Enteral nutrition offers several advantages over parenteral nutrition, such as using the gastrointestinal tract, which helps maintain intestinal barrier function and supports the gut microbiome, among other benefits.

About Enteral Nutrition Administration Systems

Enteral nutrition is a process that involves the use of an administration system, consisting of an enteral feeding tube and a device known as an enteral feeding set, which connects the tube to the nutritional product.

In enteral administration, the feeding tube and feeding set play fundamental roles. The enteral feeding set, which is the primary device relevant to the present invention, comprises a flexible tube with a sharp element at the proximal end designed to penetrate a specific region of the container holding the enteral food, along with other elements that work synergistically to form a secure connection with the container.

The part of the enteral system formed by the feeding set connected to the enteral feeding tube provides an efficient and secure channel for administering the food, allowing the enteral formula to be delivered directly to the clinically appropriate portion of the patient's digestive system, whether in the stomach or intestine. This procedure ensures that the patient's nutritional needs are met, even when health conditions prevent conventional oral feeding.

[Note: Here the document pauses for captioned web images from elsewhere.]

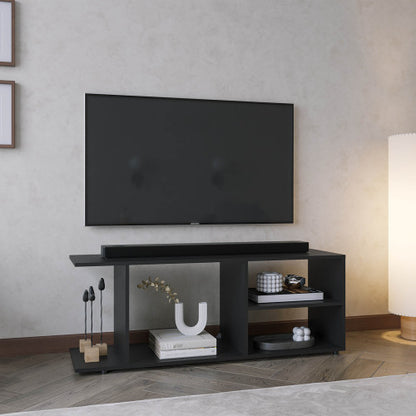 17.8 Inch Modern Black Low Profile TV Stand with 4 Shelves & 4 Sturdy Support Legs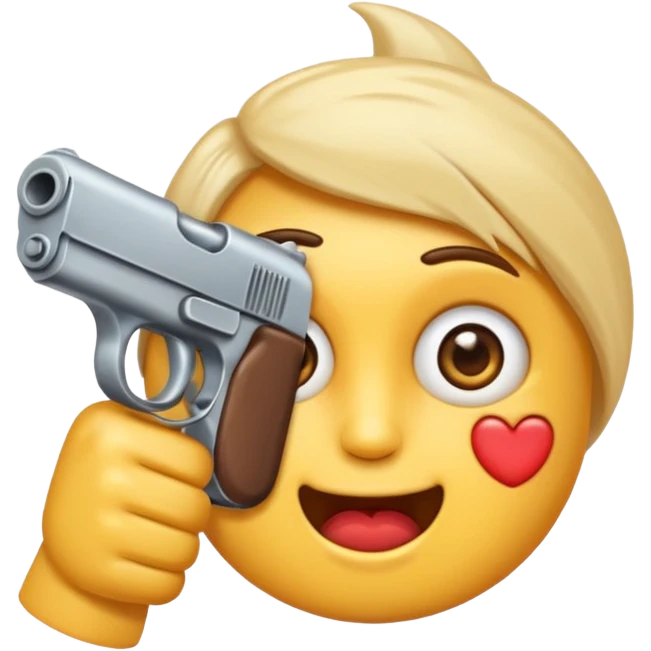 Un emoji normal que se muerde el labio, tiene los ojos cerrados y se apunta al brazo con la mano en forma de pistola emoji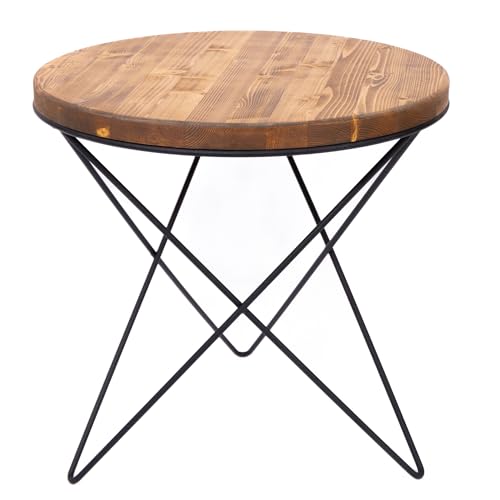 Loftie Couchtisch rund, Wohnzimmertisch, Beistelltisch, Vintage-Flair, für Wohnzimmer, vintagebraun-schwarz Loftie Couchtisch rund, Wohnzimmertisch, Beistelltisch, Vintage-Flair, für Wohnzimmer, vintagebraun-schwarz von Loftie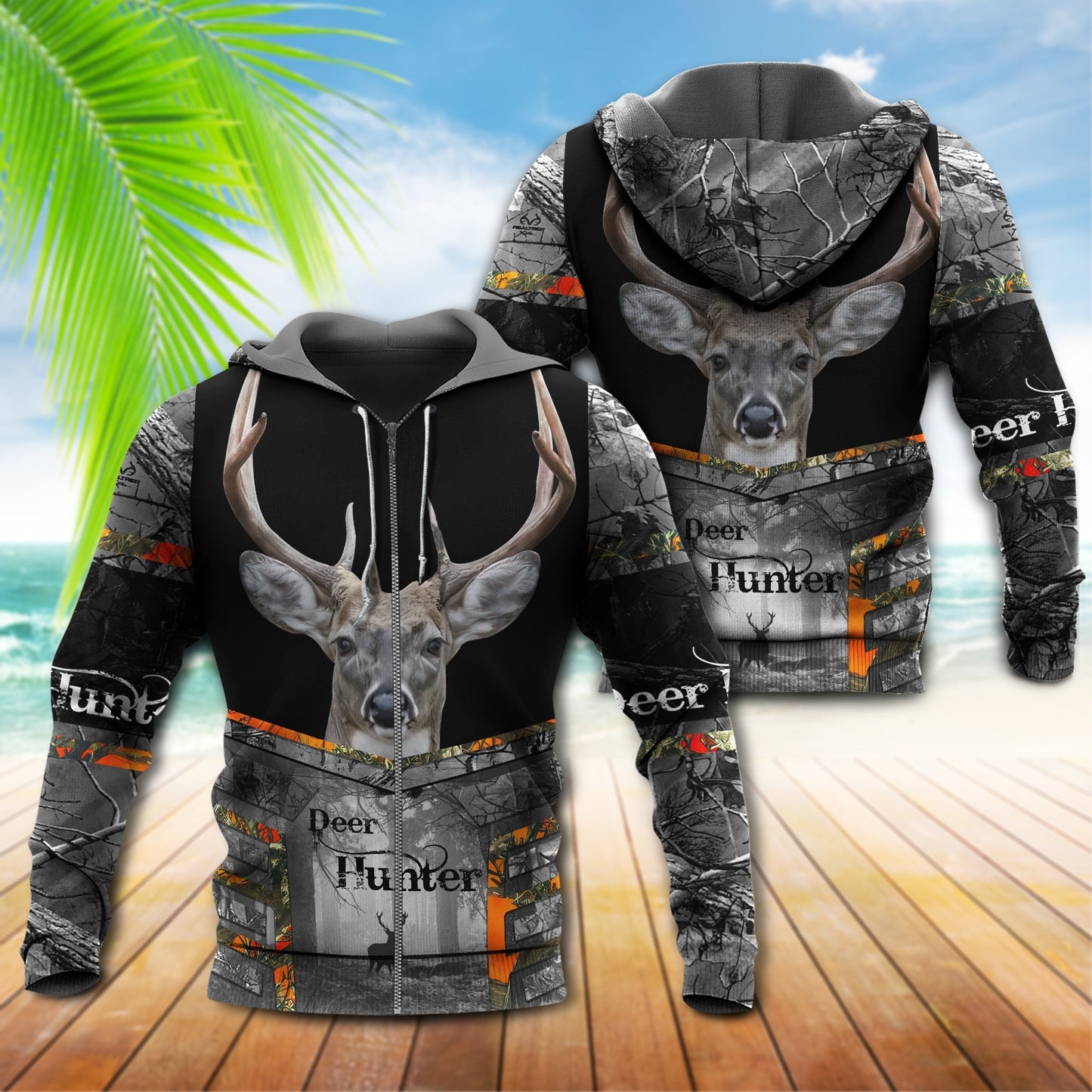 Black Gray Hunting Deer Hoodie For Outdoor Hunting Trips Travel And Comfortable Everyday Wear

Regarding enteral feeding administration techniques, two systems are used, each with unique characteristics directly related to maintaining product sterility and offering different levels of safety during handling, preparation, and administration to the patient: the open system and the closed system. It is important to note that the specifics of the administration technique through the closed system are closely related to the distinguishing feature of the present invention.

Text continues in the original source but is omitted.